Fine Tuning Pretrained Embeddings

I’m working on the Kaggle Quora competition and have had some good success with Word2Vec embeddings. There are about 60k word tokens in the quora vocab that don’t exist in the Word2Vec vocab, and until now, I’ve been setting these to zero and making the embedding layer non-trainable.
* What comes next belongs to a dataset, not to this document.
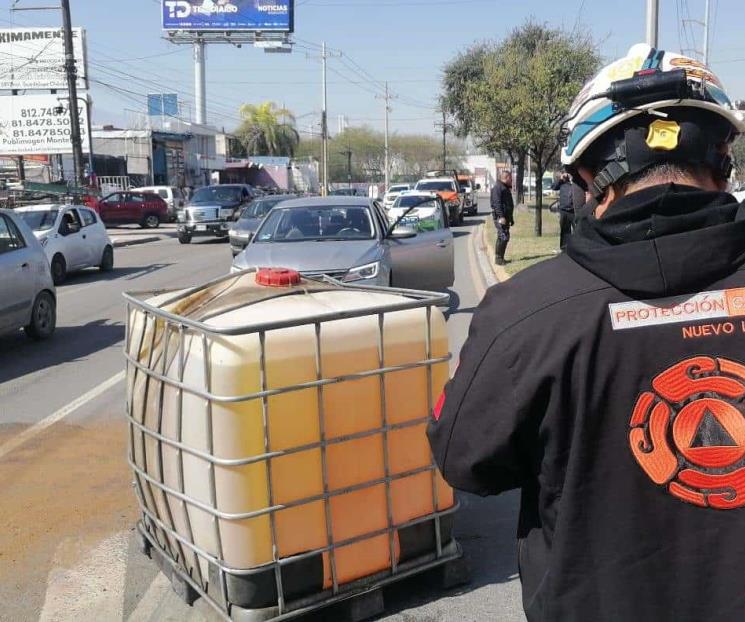Cae tanque con mil litros de gasolina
I’m experimenting with fine tuning the embedding layer by setting these 60k words to a random normal distribution and then allowing backprop to update the embeddings. This is “working” but I’m finding that the model overfits within 1 or 2 epochs when it used to take 14-15 epochs to overfit and doesn’t achieve similar validation loss results. I’d like to apply some regularization to my embeddings, but how? When I tried to apply dropout to the embedding I get a warning from Keras:

The `dropout` argument is no longer support in `Embedding`. You can apply a `keras.layers.SpatialDropout1D` layer right after the `Embedding` layer to g
et the same behavior.

What is this SpatialDropout1D layer, and how does it work? Keras docs also suggest I can use some embeddings_regularizer parameter, but this is new to me. What type of regularization would help avoid over fitting while I fine tune the Word2Vec embeddings? Any tips would be appreciated!

1 Like

In the course we add l2 regularization to learnt embeddings - that’s a nice easy way to handle it. It’s often a good idea to train a few epochs with the embeddings fixed, before making trainable for the last few epochs, BTW.

1 Like